▸ **Requirement**:
Pictures stay out of the answer, but every line of the material must be restated exactly.

▸ **Data provided**:
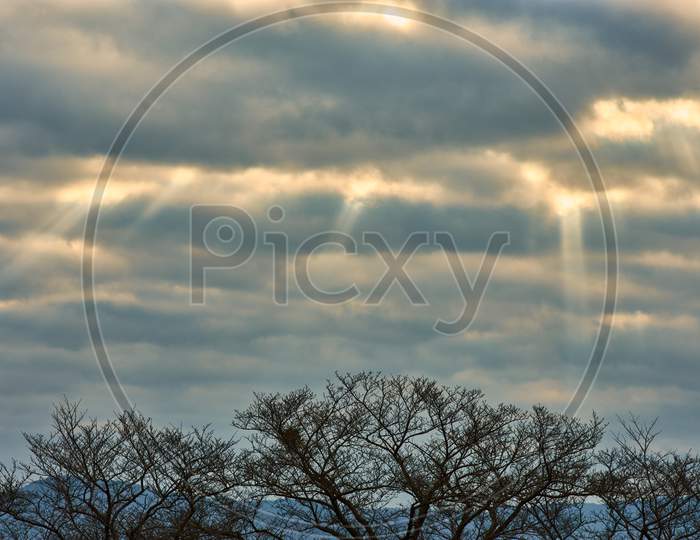 Beautiful View Of The Sky With Storm Clouds Over A Landscape With Leafless Trees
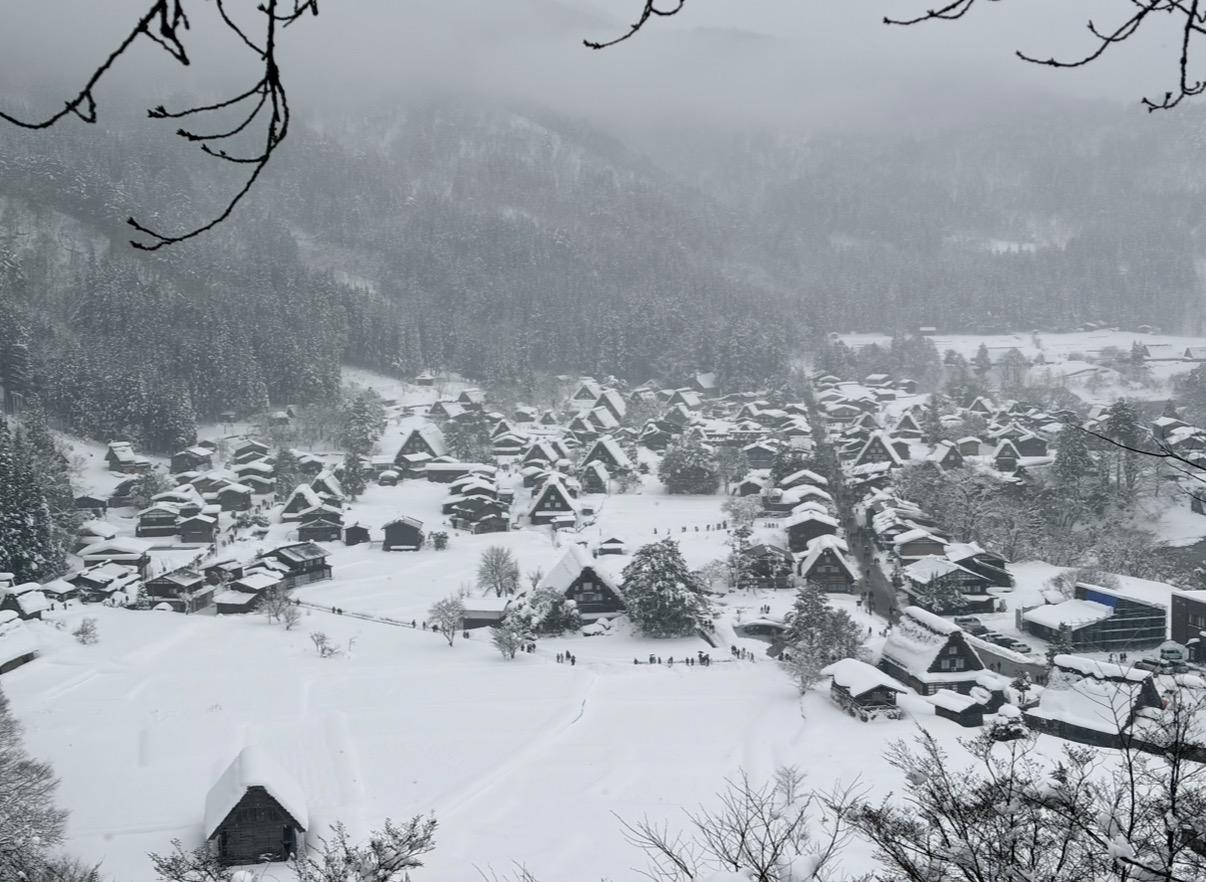 亮菁菁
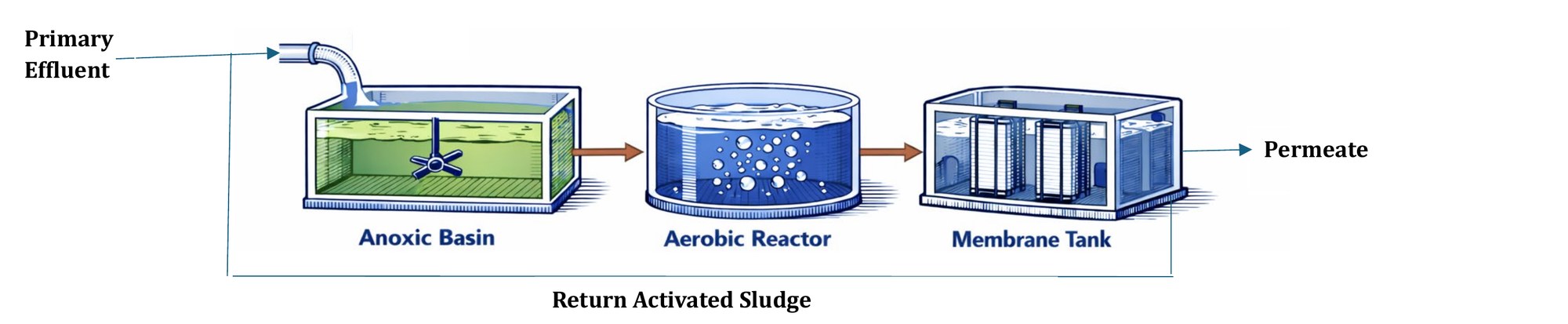 Process diagram of a membrane bioreactor: primary effluent enters an anoxic basin, flows to an aerobic reactor and then to a membrane tank, which produces permeate. Return activated sludge flows from the membrane tank back to the anoxic basin.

▸ **Answer below**:
 Beautiful View Of The Sky With Storm Clouds Over A Landscape With Leafless Trees
 亮菁菁
 Process diagram of a membrane bioreactor: primary effluent enters an anoxic basin, flows to an aerobic reactor and then to a membrane tank, which produces permeate. Return activated sludge flows from the membrane tank back to the anoxic basin.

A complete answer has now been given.